Question

A 5000 kg rocket is set for vertical firing the exhaust speed is $800m/s$ to give an initial acceleration of $20m/s^2$, the amount of gas ejected per second to supply. The needed thrust will be:
a. $137.5kg/s$.
b. $185.5kg/s$.
c. $187.5kg/s$.
d. $127.5kg/s$.

Answer 1

Propulsion system is a machine which is used to produce thrust so that the machine can move forward. The rocket has a propulsion system which burns the fuel and produces thrust which lifts the rocket from the ground.

Formula used:
The relation of the rocket propulsion is given by,
$\Rightarrow \left( {\dfrac{{\Delta m}}{{\Delta t}}} \right)v - mg = ma$
Where kg per sec is $\dfrac{{\Delta m}}{{\Delta t}}$, the velocity of the exhaust fuel is v, the acceleration of the rocket is a and the acceleration due to gravity is g.

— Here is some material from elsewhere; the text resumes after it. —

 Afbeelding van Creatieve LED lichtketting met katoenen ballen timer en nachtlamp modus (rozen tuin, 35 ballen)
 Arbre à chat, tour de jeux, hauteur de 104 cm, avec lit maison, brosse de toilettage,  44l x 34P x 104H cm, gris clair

Complete step by step answer:
It is given the problem that the $5000kg$ rocket is set for vertical firing. The exhaust speed is $800m/s$ to give an initial acceleration of $20m/s^2$, we need to find the thrust of the rocket.

Step1:
From the rocket propulsion equation we have,
$\Rightarrow \left( {\dfrac{{\Delta m}}{{\Delta t}}} \right)v - mg = ma$
Where $\dfrac{{\Delta m}}{{\Delta t}} =$ mass of gas ejected per sec.
m = Mass of the rocket $= 5000kg$
v = Speed of exhaust gases $= 800m/s$
a = Initial acceleration $= 20m/s^2$

Step2:
Now substitute all the values in the above equation and calculate the gas ejected per second.
$\Rightarrow \left( {\dfrac{{\Delta m}}{{\Delta t}}} \right)v = ma + mg$
$\Rightarrow \left( {\dfrac{{\Delta m}}{{\Delta t}}} \right)v = \left( {a + g} \right)m$
The acceleration due to gravity is $g = 10m/s^2$.
$\Rightarrow \left( {\dfrac{{\Delta m}}{{\Delta t}}} \right) \times 800 = \left( {20 + 10} \right) \times 5000$
On solving we get.
$\Rightarrow \left( {\dfrac{{\Delta m}}{{\Delta t}}} \right) = \dfrac{{30 \times 5000}}{{800}} = 187 \cdot 5kg/s$
The thrust of the rocket is equal to $187 \cdot 5kg/s$.

Hence, the correct answer is option (C).

Note: It is advised to students to understand and remember the formula of the rocket propulsion as it is very useful in solving these problems. The thrust is the force which is perpendicular to the surface. According to Newton's third law of motion, every action has an equal and opposite reaction the rocket takes lifts from the ground.